Children's Aid Society should be able to illustrate where concentrations of child homelessness and abuse exist. Food for Survival should be able to show which ethnic, geographic, economic and age groups are most susceptible to hunger. And none of these organizations should have to stop and wonder whether they are using or republishing the data in some unauthorized form.

On Being Open
Back to the technical now and, to an extent, the political. Consider carefully your use of the word "open" in the title of this legislation. I think everyone can agree that all data and infrastructure under this initiative should be useable from virtually any platform, programming language and type of device. If that's what is meant by the word "open" in Intro 991's language, then all is well. But if "open" is somehow meant to connote a requirement that Open Source technologies be used to serve or consume the data, or that any software that does so be required to comply with GPL or other Open Source licensing, then we will have a huge problem on our hands.

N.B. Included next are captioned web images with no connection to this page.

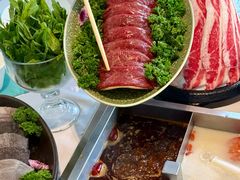 -皇城老妈川味火锅·大连海鲜火锅(港湾店)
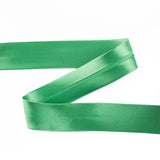Cinta Bies Raso Verde 30 mm - Ribes y Casals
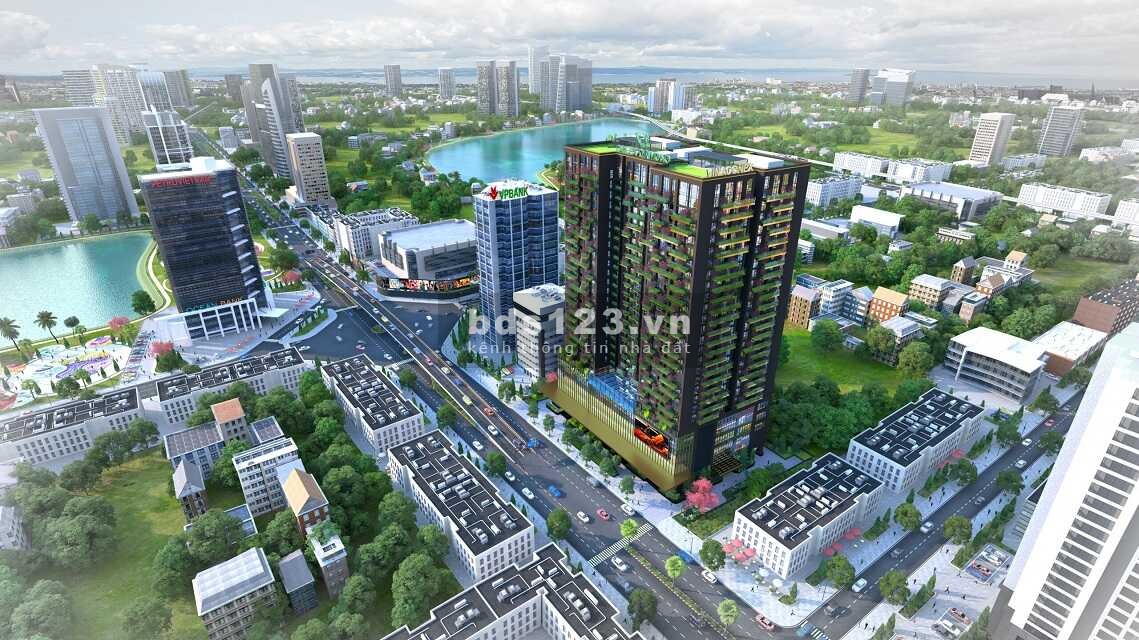 Bàng giá chi tiết các căn hộ 1pn-4pn dự án chung cư Green Diamond 93 Láng Hạ, trực tiếp chủ đầu tư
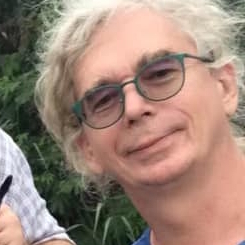 Profilbild von Oliver Streiter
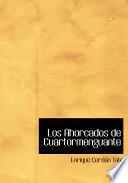 libro Los Ahorcados De Cuartormenguante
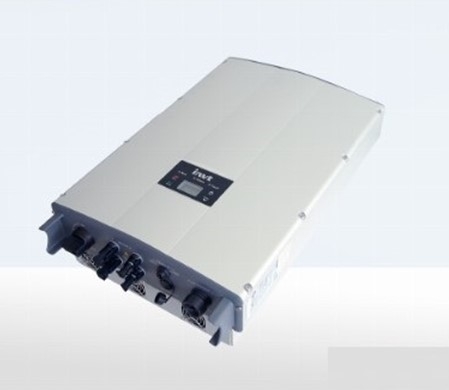 Bộ chuyển đổi inverter thông minh 10kw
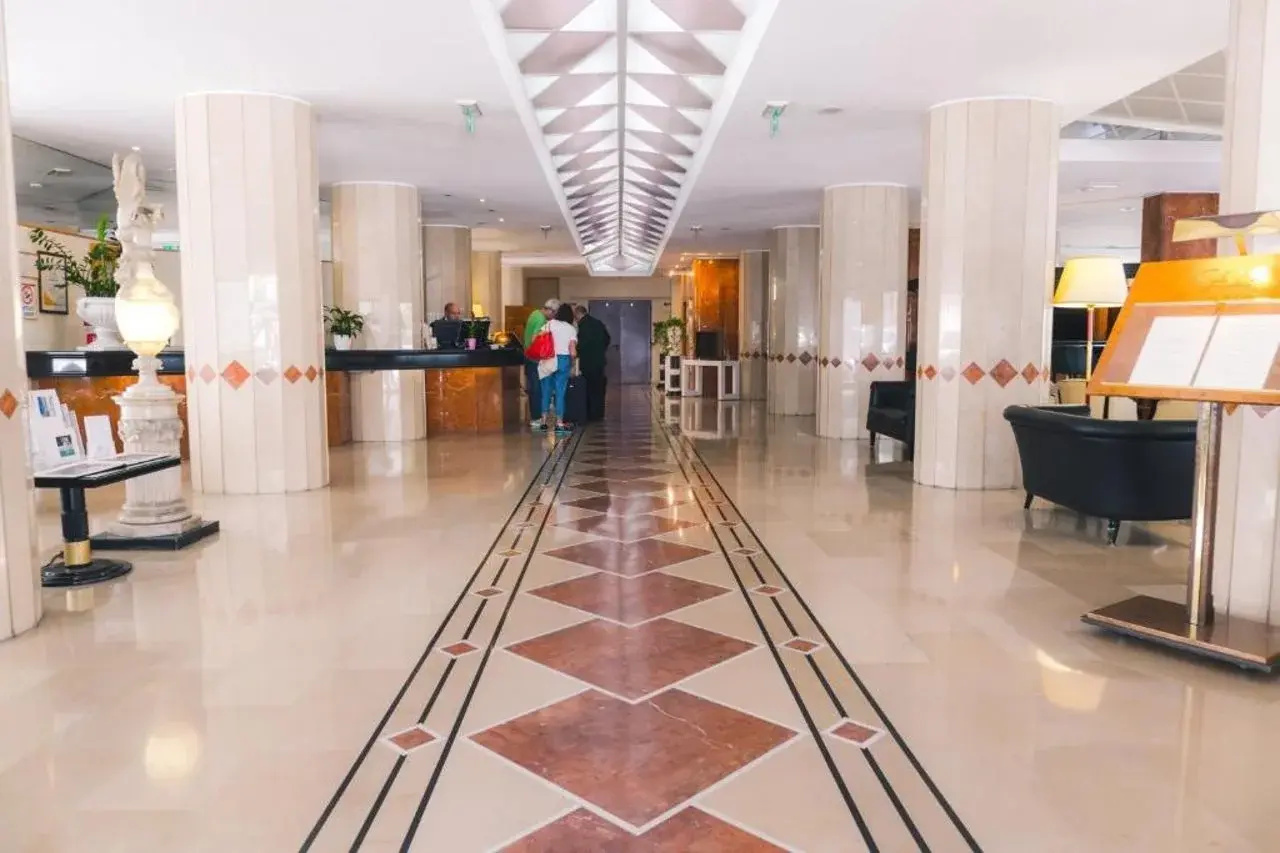 Foto - Grand Hotel Excelsior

Rather, the City and its agencies should be permitted to implement the back-end platform as they see fit, whether they do so using Java, PHP, Ruby, C#, Visual Basic or COBOL. I would imagine that agency implementations would need to be signed-off upon or certified by DoITT, but as long as they produce their output and solicit their input using the correct formats, standards, protocols and interfaces, that should meet the whatever litmus test may exist.

Excelsior
I'd like to close on an issue of civic pride. The City of New York is a unique municipal government within the State. Most cities are contained within counties. The City of New York, as you well know, comprises five counties, and provides the services that in other parts of the State are delivered by special districts, incorporated villages, towns, cities and counties. As such, our data standards system should serve as a model for each of these distinct types of government within New York State. So let's not just do this the right way. Let's do this in an unprecedentedly exemplary, creative and exciting way. Let's make this the time in history when the economy was down, but the great tradition of commerce and ingenuity in the City of New York was nonetheless invoked to bring about innovation, opportunity and a new standard in good government, adopted by other governments in New York, and other states.

Thank you again for the generosity of your time, attention and consideration. And, once again, good afternoon.